This week, a new group called the Running Industry Diversity Coalition (RIDC) announced its formation—a step forward in ending systemic racism in the running industry and running community.
Funded by grants from Brooks and Hoka One One, the coalition is led by by co-chairs Alison Mariella Désir, founder of Harlem Run and Run 4 All Women, and Chris Lampen-Crowell, co-owner of Gazelle Sports in Michigan. The group’s mission: bring together brands, running retailers, and BIPOC runners to fight systemic racism and promote diversity, equity, and inclusion in the running industry.
“Brooks and Hoka are brands comprised of people who love running,” said Brooks CEO Jim Weber and Hoka One One President Wendy Yang in a joint statement yesterday. “We are committed to continuing the work of representing our sport—and all runners—in authentic ways, and to making the joy of movement accessible to everyone.”
The group’s leadership committee, which draws on talent from around the industry, includes Running Industry Association president John Benedict; Hoka One One, director of global brand communications Martha Garcia; Fleet Feet VP of development Robyn Goby; Verna Volker, founder of Native Women Running; Shannon Woods, senior manager of diversity, equity, and inclusion at Brooks; and Teresa Baker, co-founder of the Outdoor CEO Diversity Pledge.
“The fact that these brands are coming together as a collective speaks volumes,” Baker told OBJ this week. “Approaching this work as a collective serves a very important function because it allows these companies to lean on each other for support. It dilutes attention on you as an individual brand and puts the focus on the industry as a whole.”
Baker says she would love to see other large brands that operate in the running and footwear space, like Nike and Adidas, join the coalition.
“I welcome every running brand out there to join,” she says. “We recently had a number of running brands sign the Outdoor CEO Diversity Pledge. I think the running industry is really recognizing the need for this.”

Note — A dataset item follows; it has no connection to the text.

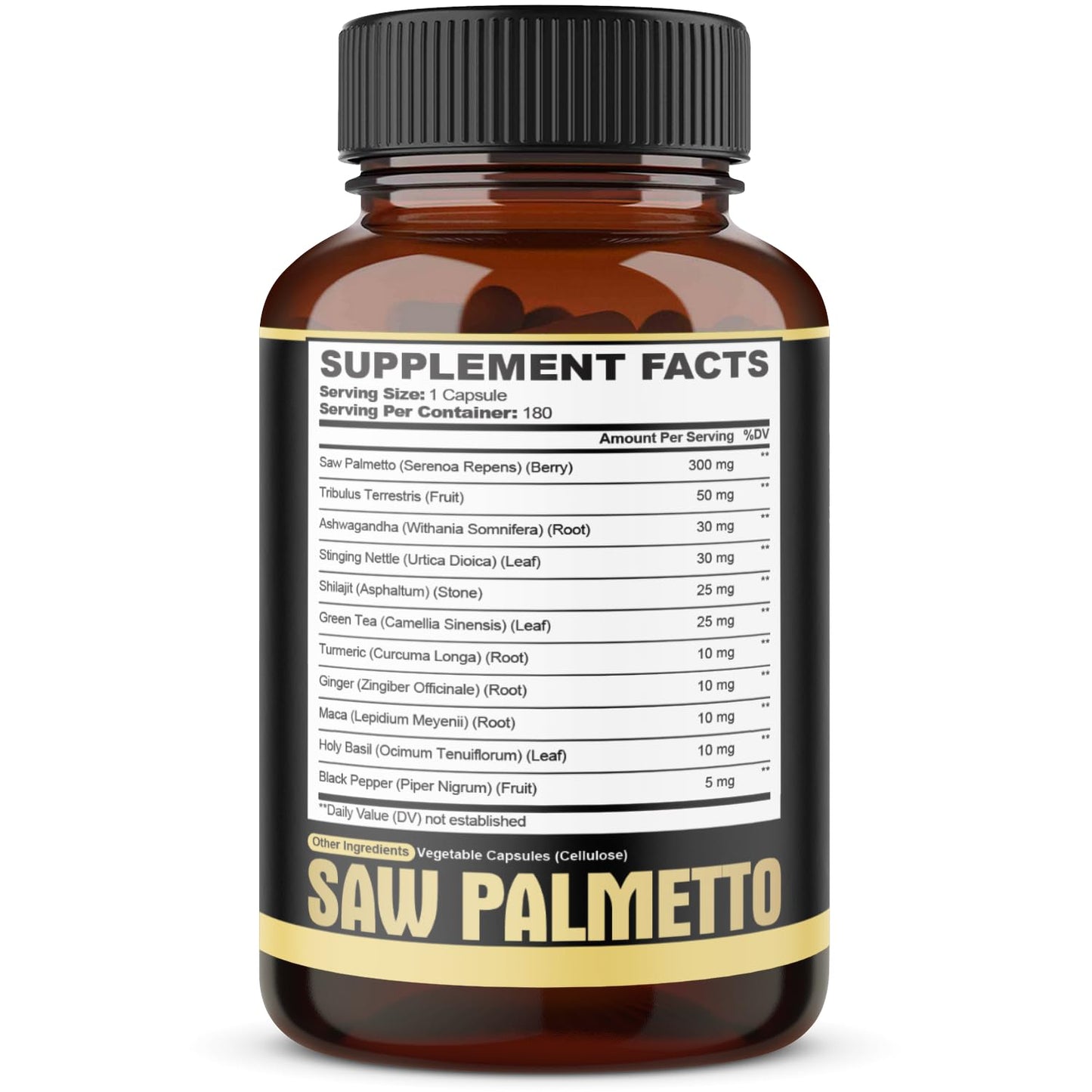 agobi 11in1 Saw Palmetto Capsules with Ashwagandha, Turmeric, Tribulus, Maca, Green Tea, Ginger, Holy Basil & More - Healthy Prostate & Hair Support, 180 Capsules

In a release this week, the group stated its goals as follows.
- Conversation: Create opportunities for discussion that listen to marginalized people in this space so that we may better understand their experiences.
- Naming: Build deep industry reflection to uncover and name the systems of racism within our businesses, the running community, and the culture of running.

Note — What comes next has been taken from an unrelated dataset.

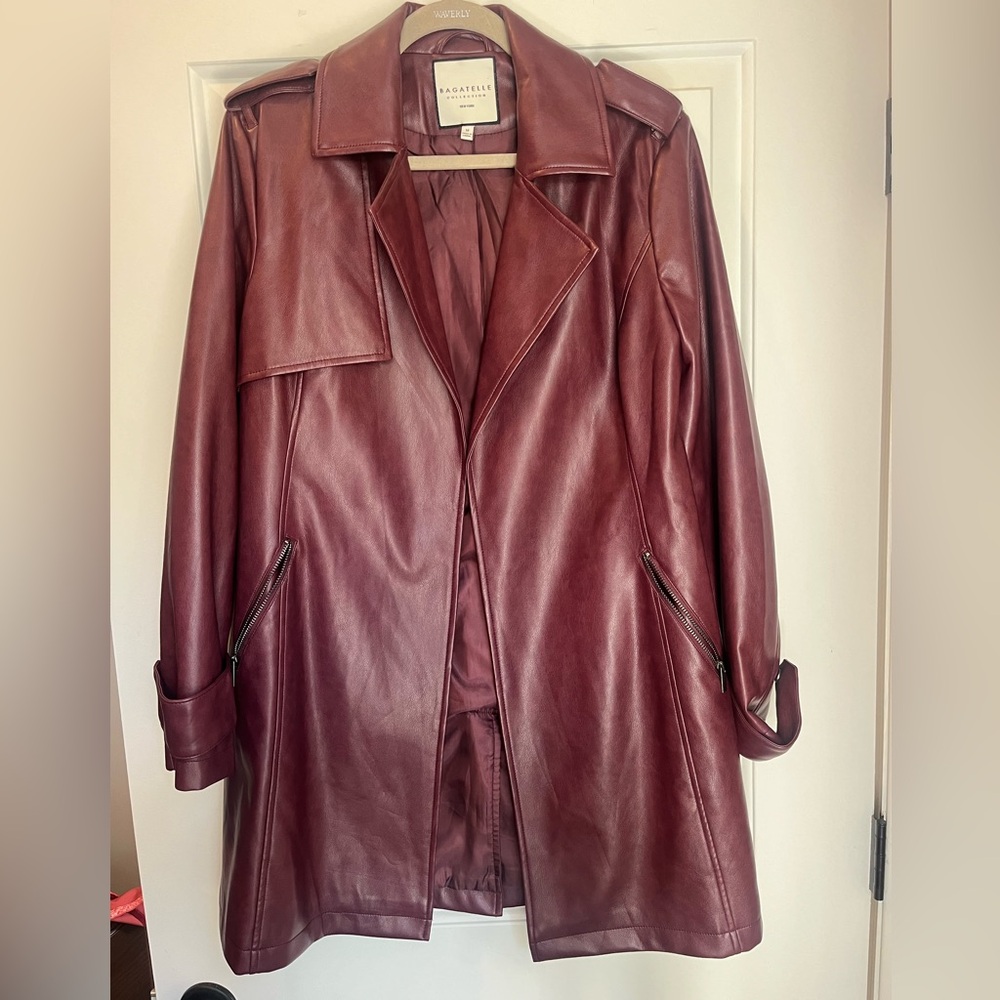 bagatelle Burgundy Leather Trench Coat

- Representation: Increase authentic representation in stories, images, marketing, athletes, ambassadors, and product wear-test/feedback. Promote partnerships between the running industry and BIPOC running organizations.
- Education: Commit to ongoing DEI and anti-racist training, with a particular focus on anti-Blackness, in our industry. Promote and acknowledge the Indigenous lands whenever and wherever races occur.

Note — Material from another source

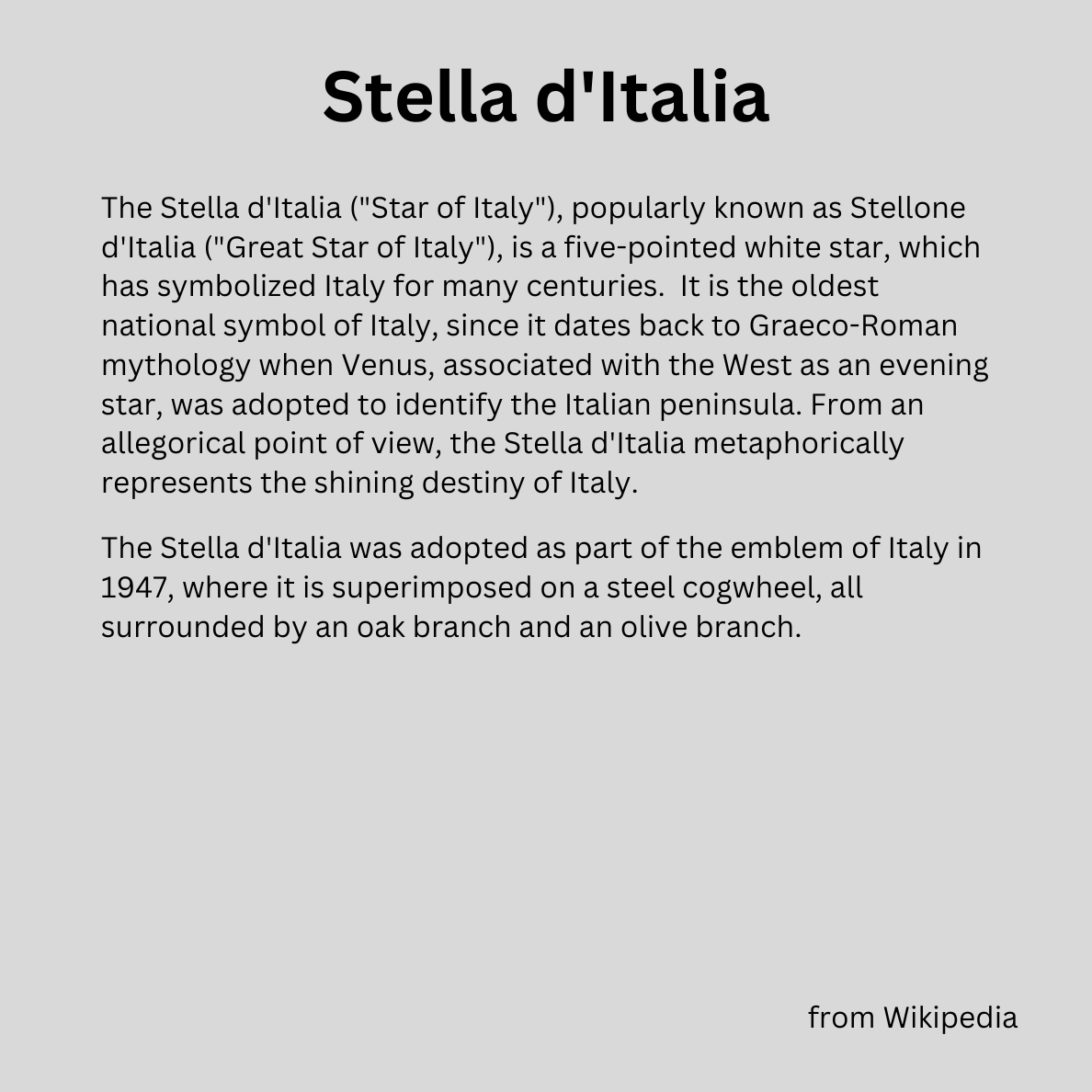 Stella d'Italia (Star of Italy) - Long Sleeve Tee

- Employment: Hire, support, and develop marginalized people in all positions from internships to leadership.
- Ownership/Leadership: Support diversity in ownership of running businesses and events by creating pathways to make this possible. Increase diversity within the leadership structure of running brands and other companies servicing runners.
- Access: Decrease real barriers and racist structures to running for people of color.
- Accountability: Remain open to meeting people where they are, dialoging, critiquing and regularly interrogating our process and progress.
- Resources: Provide a platform to share best practices, measurements, and critical resources.
“I have been in the running industry for eight years and I have always known there are not a lot of people who look like me, and the sport is not as inclusive as people claim it to be,” said coalition co-chair Désir. “This is an opportunity to help folks in power change the systems that make it that way—to finally open up running.”
Lampen-Crowell, who founded Gazelle Sports 35 years ago, says he always believed that running was a welcoming and inclusive activity. The murder of Ahmaud Arbery made him reconsider that notion.
“There is white privilege, white power and systemic racism in almost all industries, and the running industry is no different,” he said. “I am optimistic that the running industry and running communities will take this work to heart.”